Veteran investor Robert Kiyosaki has issued a cautionary statement, warning that several economic bubbles in the U.S. are nearing their breaking point. According to Kiyosaki, these looming busts will likely impact key assets, including Bitcoin.
Bitcoin recently hit a record high of $123,000. However, the price has since dropped to around $118,000 as long-term holders take profits. Kiyosaki, a long-time advocate of Bitcoin, maintains that this dip should be viewed as a buying opportunity, not a red flag.
Macroeconomic Pressures Mount
The U.S. national debt has reached $37 trillion, and Treasury yields continue to rise. June’s CPI data also shows that inflation remains sticky. Kiyosaki believes these conditions are unsustainable and expects sharp corrections across major asset classes.
In a recent post, he stated, “If gold, silver, and Bitcoin prices crash… I will be buying.” His remarks reflect ongoing uncertainty in traditional markets and the growing fragility of U.S. financial stability.

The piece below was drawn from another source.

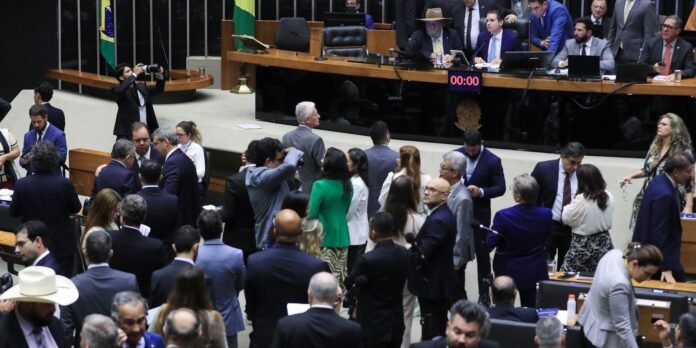 Camara-aprova-projeto-que-reajusta-salarios-de-servidores-publicos.jpg Câmara aprova projeto que reajusta salários de servidores públicos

On-chain data supports the view of a near-term correction. Glassnode reports that whale-to-exchange BTC transfers are nearing 12,000 BTC on a 7-day simple moving average, one of the highest levels in 2025. This metric mirrors behavior last seen in late November, often signaling profit taking and capital reallocation.

Bitcoin miners also send more coins to exchanges, a typical indicator of potential price drops. Combined with rising whale activity, these moves suggest short-term selling pressure could continue.
Despite increased exchange inflows, institutional interest in Bitcoin remains robust. Last week alone, 21 firms added $810 million worth of BTC to their treasuries. Spot Bitcoin ETFs also recorded strong inflows, reflecting consistent demand from corporate and institutional investors.
As market volatility grows, traders watch closely for signs of deeper corrections or new buying windows.